Problem requirements: Restate the listing below word for word; no pictures belong in the copy.

Dataset excerpt:
--- START ---

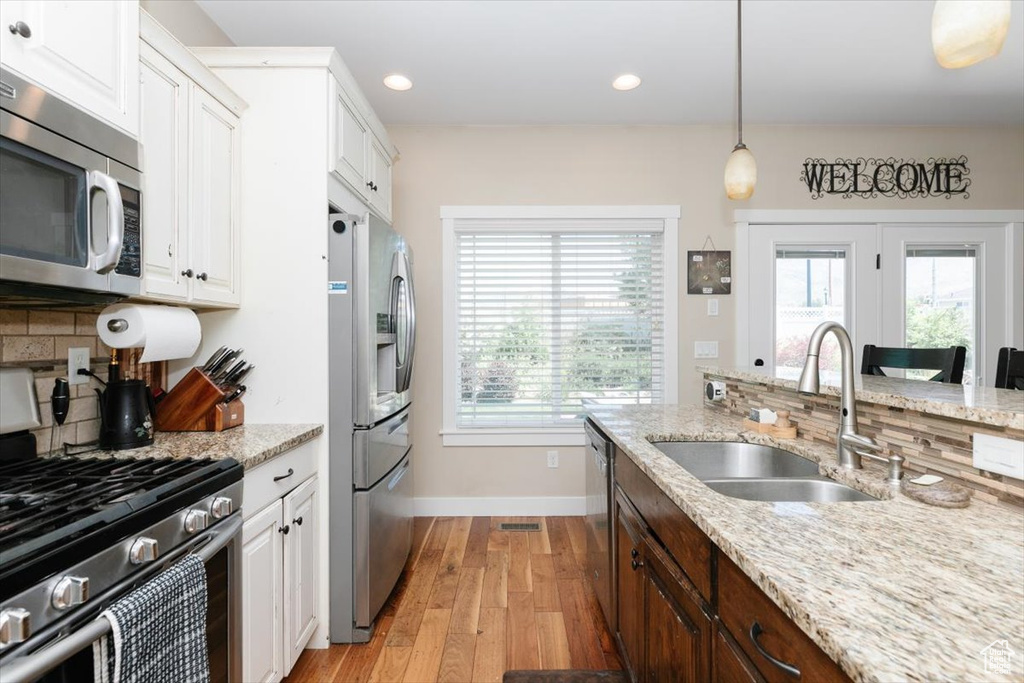 Kitchen featuring appliances with stainless steel finishes, a sink, baseboards, light wood finished floors, and backsplash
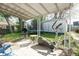 Backyard patio featuring an exercise machine, grill, and trampoline perfect for outdoor enjoyment at 1725 Medford Ave, Indianapolis, IN 46222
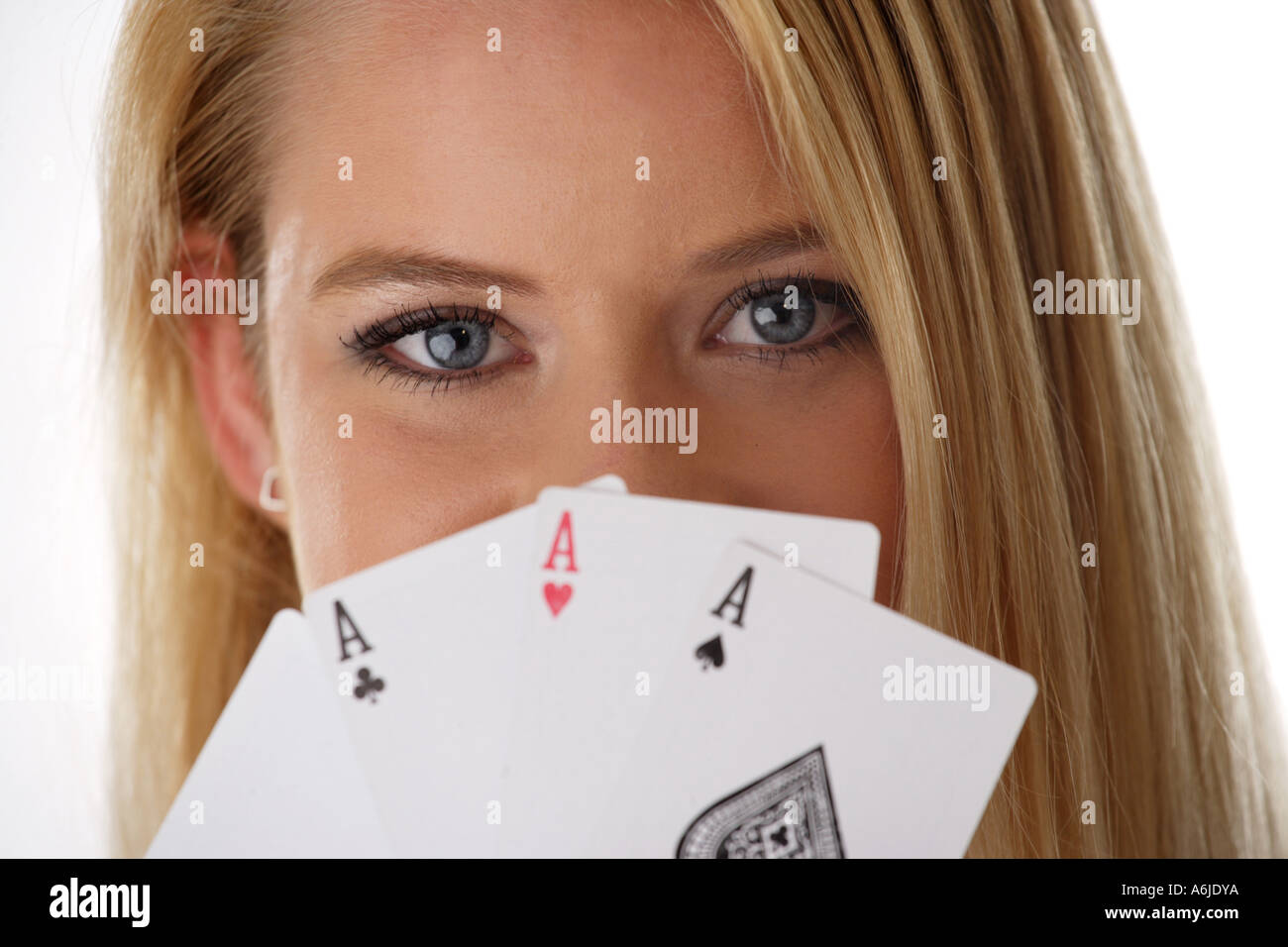 young woman holding playing cards in front of her mouth Stock Photo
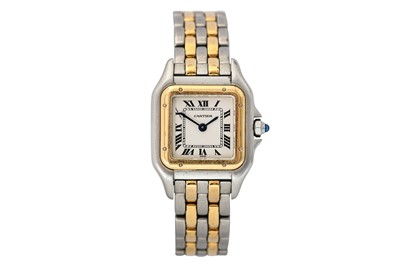 Lot 20 - CARTIER. A LADIES STAINLESS STEEL AND GOLD...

--- END ---

Reply to the task:
 Kitchen featuring appliances with stainless steel finishes, a sink, baseboards, light wood finished floors, and backsplash
 Backyard patio featuring an exercise machine, grill, and trampoline perfect for outdoor enjoyment at 1725 Medford Ave, Indianapolis, IN 46222
 young woman holding playing cards in front of her mouth Stock Photo
 Lot 20 - CARTIER. A LADIES STAINLESS STEEL AND GOLD...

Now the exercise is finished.